Hoffman, incidentally, is of German descent, and this is another recurrent theme in Balabanov. Schastlivye dni features Anna von Storkh, a German of aristocratic lineage who is reduced to prostitution to make a living, while Pro urodov i liudei has the enigmatic Johann as one of the protagonists. Balabanov, through the voice of Danila in Brat, asserts that the presence of Germans in the city is a good one, although the character is open about his disapproval of the Jews and the implication that the Chechen gangsters are taking over the Russians' patch also has racist overtones.
Balabanov constantly reminds the audience that St Petersburg - an artificial city not yet 300 years old - is formed of disparate people who have been "sucked in" from many parts of Russia and beyond, seeking riches, love, accommodation or just some sense of life. Recent arrivals to the city from far flung places are in all the films played off against more established residents, possibly also from afar. But both are equally mocked and both are equally out of place.
In the three films analysed here, the cities monumental nature is played off against the truth lurking in the backstreets.
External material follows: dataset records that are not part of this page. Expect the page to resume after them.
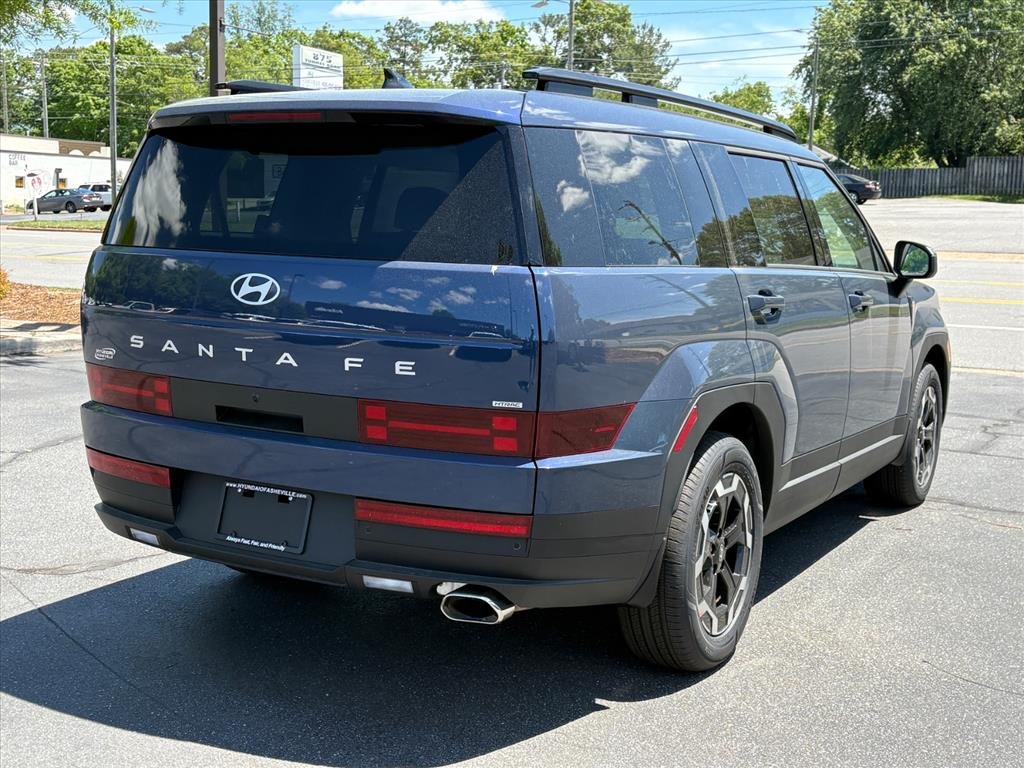 New 2026 Atlantis Blue Tb2 Hyundai SEL image 3
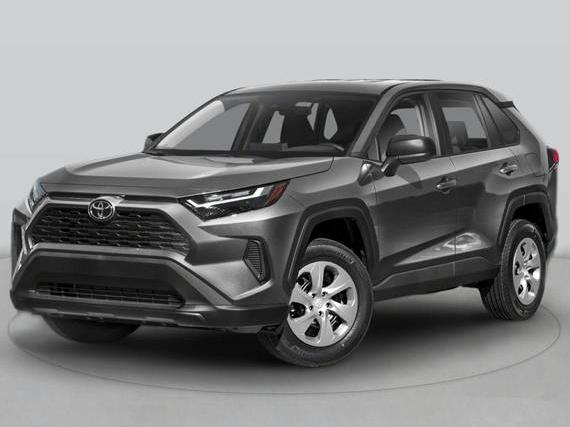 TOYOTA RAV4 2024 2T3P1RFV0RW463056 image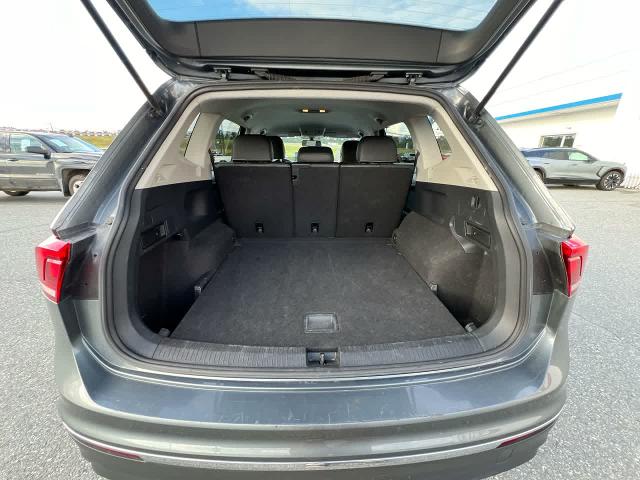 2021 Volkswagen Tiguan Vehicle Photo in WASILLA, AK 99654-8339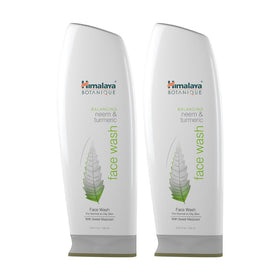 Himalaya Botanique front packaging showing tube and product benefits
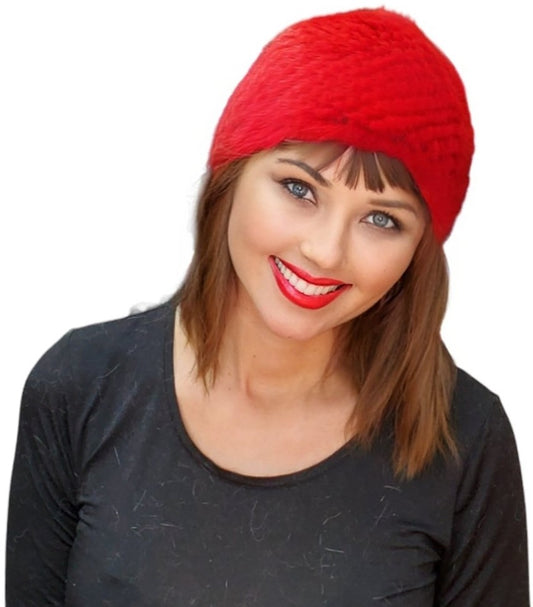 Headband Style KMHB Red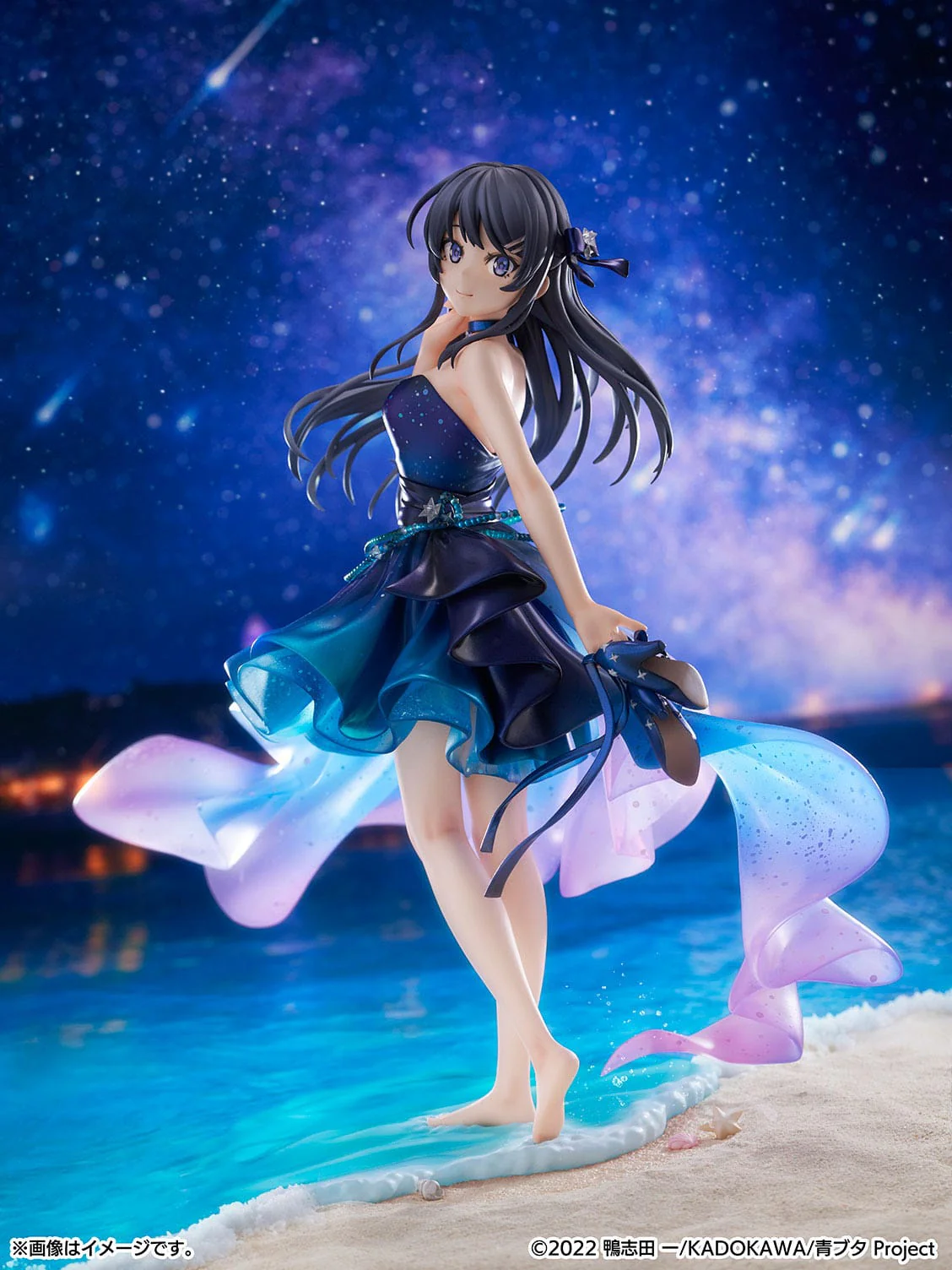 Mai Sakurajima Starry night sky Ver. CyberZ - Image 8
And in all three the imposing grandeur of a city trying to make itself immortal by casting itself in stone is contrasted with the monuments to mortality, with Balabanov's favourite location, the graveyard.
Social conscience or misogynist?
As well as the disturbing racist elements to Brat (are these reflections of Balabanov's own mind or is faithfully documenting contemporary reality as any moralistic artist should) the depiction of women also has a double-edged nature. Perhaps in this respect, Balabanov is at his most like Lynch.
Similarly the rape of Sveta by "Roundhead" in Brat as a punishment for harbouring Danila has undertones which place it alongside Bobby Peru's psychological abuse of Lula in Lynch's Wild at Heart. Both are fundamentally not depictions of male sexuality, but of male powerlust transferred to a sexual contest.
Lynne Attwood in Red Women on the Silver Screen analyses at some length (and is somewhat scathing of) the glasnost craze for Russian films which depict youth alienation, rock music drugs and violence against women. Although the book was published in 1993, Balabanov's film could easily fit into her analysis and has many of the elements which she pinpoints (an indication that the film is in some ways ten years behind its time). Attwood notes that some critics have commended certain depictions of rape as illustrative of social and political frustrastions. However, she dismisses such arguments, pointing out that such films are in fact validating sexual violence and giving it legitimacy as a means of expression of frustration.
It is also interesting to note that for Balabanov women are powerless over their fates. In Brat, for instance, Sveta sings sweetly after her rape and leaves it Danila to avenge her violation and she also is locked in a loveless marriage, unwilling to change her destiny by leaving her husband but happy to cheat on him. Similarly, Liza's travelling to the West - a release symbolised by the whistle of steam she lets off in the driver's cabin of the steam train she leaves on - does not enable her to come to terms with her own sexuality.
Lynch or not?
Balabanov is certainly an interesting film-maker, but ultimately a disappointing one. His films have attracted increasing amounts of attention but have decreased in maturity and subtlety from his compelling debut. Furthermore he has become trapped in his own subject matter and it is not clear for how much longer he can sustain merely translating his limited range of ideas into new genres for new audiences.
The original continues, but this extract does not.